WHAT YOU ARE ASKED TO DO: On how many lines of the records below does the string "Model" appear? Reply with only the number.

Records from a dataset:
════

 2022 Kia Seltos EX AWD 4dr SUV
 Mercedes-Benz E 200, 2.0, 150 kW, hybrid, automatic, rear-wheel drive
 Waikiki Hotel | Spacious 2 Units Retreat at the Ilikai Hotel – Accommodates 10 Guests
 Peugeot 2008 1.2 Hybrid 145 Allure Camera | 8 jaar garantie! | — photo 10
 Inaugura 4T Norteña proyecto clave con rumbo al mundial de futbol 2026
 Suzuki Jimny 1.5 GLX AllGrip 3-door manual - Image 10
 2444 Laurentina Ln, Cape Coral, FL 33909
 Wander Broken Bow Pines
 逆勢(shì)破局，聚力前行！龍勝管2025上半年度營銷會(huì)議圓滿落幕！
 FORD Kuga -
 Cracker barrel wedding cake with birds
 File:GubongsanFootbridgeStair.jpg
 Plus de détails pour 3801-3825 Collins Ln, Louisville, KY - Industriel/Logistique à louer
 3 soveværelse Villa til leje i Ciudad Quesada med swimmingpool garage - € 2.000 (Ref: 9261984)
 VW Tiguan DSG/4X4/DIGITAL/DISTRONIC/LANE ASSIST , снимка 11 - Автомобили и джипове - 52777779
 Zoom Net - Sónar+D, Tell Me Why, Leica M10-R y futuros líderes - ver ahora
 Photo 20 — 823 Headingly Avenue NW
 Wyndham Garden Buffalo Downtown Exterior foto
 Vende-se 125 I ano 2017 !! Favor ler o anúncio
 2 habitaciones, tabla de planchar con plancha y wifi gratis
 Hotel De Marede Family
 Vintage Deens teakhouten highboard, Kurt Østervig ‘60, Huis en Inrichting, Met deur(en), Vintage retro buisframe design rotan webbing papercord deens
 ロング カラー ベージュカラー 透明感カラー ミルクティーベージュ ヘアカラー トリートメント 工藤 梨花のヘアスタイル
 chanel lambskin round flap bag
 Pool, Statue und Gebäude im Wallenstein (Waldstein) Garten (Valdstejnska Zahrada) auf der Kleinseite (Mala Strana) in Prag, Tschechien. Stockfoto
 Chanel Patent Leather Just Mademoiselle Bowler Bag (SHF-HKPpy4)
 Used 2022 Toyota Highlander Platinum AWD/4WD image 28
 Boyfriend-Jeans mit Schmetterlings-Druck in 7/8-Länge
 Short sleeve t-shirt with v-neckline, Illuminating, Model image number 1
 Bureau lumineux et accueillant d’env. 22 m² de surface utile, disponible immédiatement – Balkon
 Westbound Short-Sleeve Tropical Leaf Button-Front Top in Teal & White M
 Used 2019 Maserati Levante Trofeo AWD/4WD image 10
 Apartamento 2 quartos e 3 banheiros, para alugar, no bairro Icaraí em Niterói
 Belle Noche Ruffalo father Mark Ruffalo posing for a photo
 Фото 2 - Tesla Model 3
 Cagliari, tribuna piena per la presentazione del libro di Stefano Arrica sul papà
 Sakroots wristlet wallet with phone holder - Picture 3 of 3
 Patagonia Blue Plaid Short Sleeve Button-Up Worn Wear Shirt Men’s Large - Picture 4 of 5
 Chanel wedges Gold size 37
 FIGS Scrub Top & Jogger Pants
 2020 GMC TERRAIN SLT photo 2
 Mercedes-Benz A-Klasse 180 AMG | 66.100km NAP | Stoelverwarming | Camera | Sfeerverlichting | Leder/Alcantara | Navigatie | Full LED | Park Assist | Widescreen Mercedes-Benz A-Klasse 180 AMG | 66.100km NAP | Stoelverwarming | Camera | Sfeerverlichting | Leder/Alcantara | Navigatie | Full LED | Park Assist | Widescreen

════

COMPLETED EXERCISE: 2